Let $X$ be a vectorial space over a field $\Bbb{K} \, ( \Bbb{R} $ or $ \Bbb{C} )$ and $H \subset X$ a proper subspace. Then, the following are equivalent:

  1. $H$ is maximal (that is, for every subspace $H \subseteq M \subseteq X \rightarrow H=M \lor X=M$ )
  2. It exists a subspace $L \subseteq X$ such that $\dim L = 1, H \cap L = \{ 0 \}$ and $X= H + L $ .
  3. $\dim X/H = 1$
  4. It exists a linear functional $\varphi : X \rightarrow \Bbb{K}$ such that $\ker \varphi = H$

It is important to say that the book does not say anything about the dimension of $X$, in fact there is problem before this about infinite dimensional spaces. This is why I find this problem difficult, the finite case would be very simple.

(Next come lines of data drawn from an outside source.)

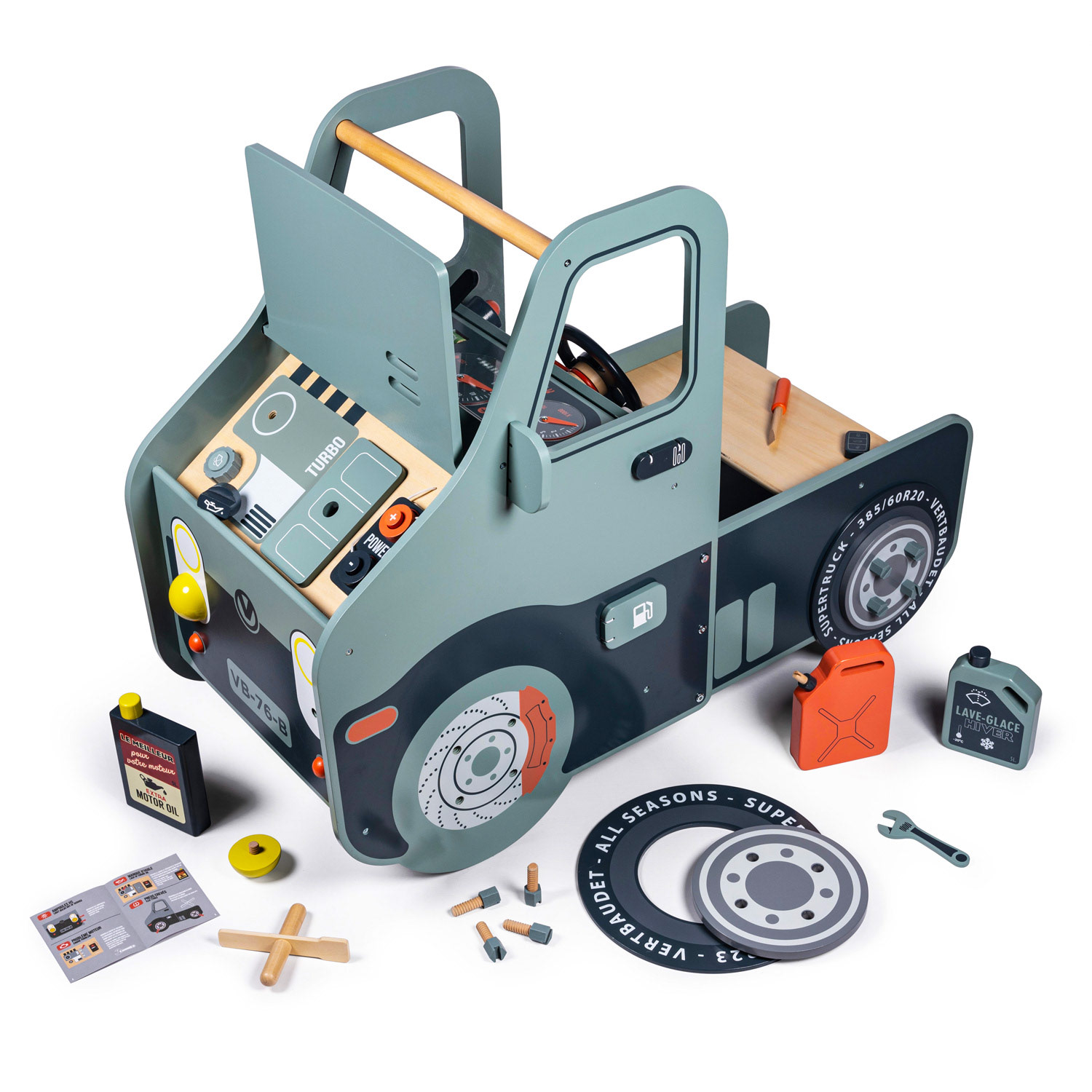 Ma voiture à réparer en bois - VertBaudet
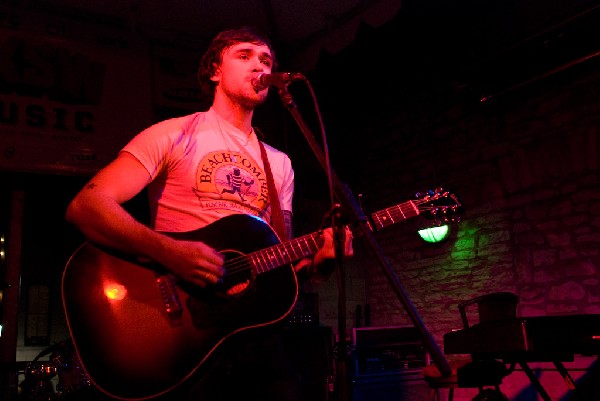 Morgan Ross of Birds of Wales at The Wave Rooftop. SXSW 2008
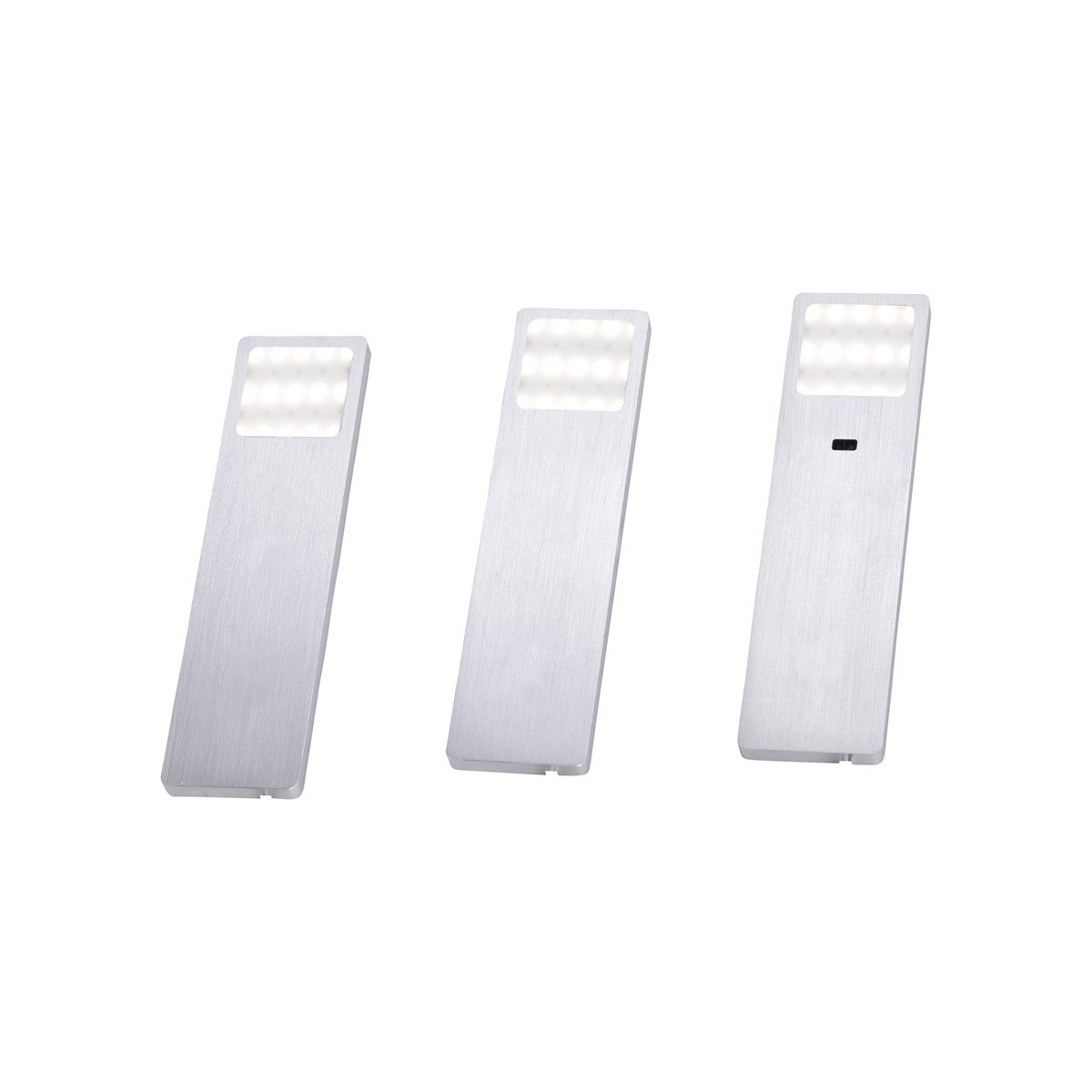 Paul Neuhaus 1120-95-3 LED Unterbauleuchten 3er Set aluminium mit Sensorschalter
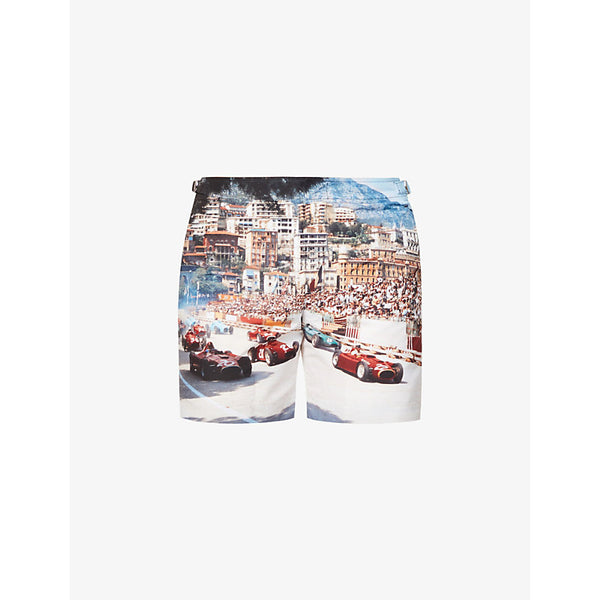 Orlebar Brown Bulldog photo-printed swim shorts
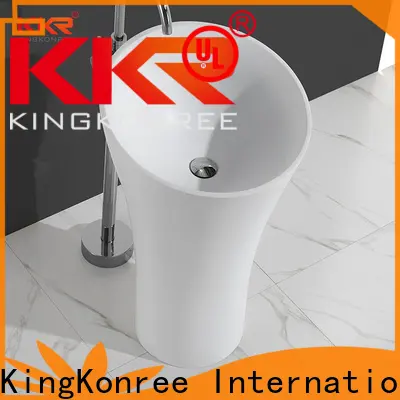 KingKonree freestanding pedestal sink customized for home2 1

I saw first that $4 \Rightarrow 3$ is easy to prove using the First Isomorhpy Theorem with $\varphi$ . In order to continue, I have tried to prove $3 \Rightarrow 2$ and $1 \Rightarrow 2$ by considering the linear function $$T: X \times H \rightarrow X, T(x,h) = x-h$$ and taking $L := T( X \times H )$ . This satisfies that $H + L = X$, but I do not know if it works because I am not seeing how to prove $H \cap L = \{ 0 \}$ and $\dim L = 1$ since the possibly infinite dimension of $X$ .

Also, I do not have very idea on how to "reach" $4$ from one of the others. I thought first on consider $\varphi ( x ) = ||| x + H ||| $ where $||| \cdot ||| $ is the norm on $X/H$ induced by a norm on $X$, but I am not sure about it, so any possible help would be appreciated.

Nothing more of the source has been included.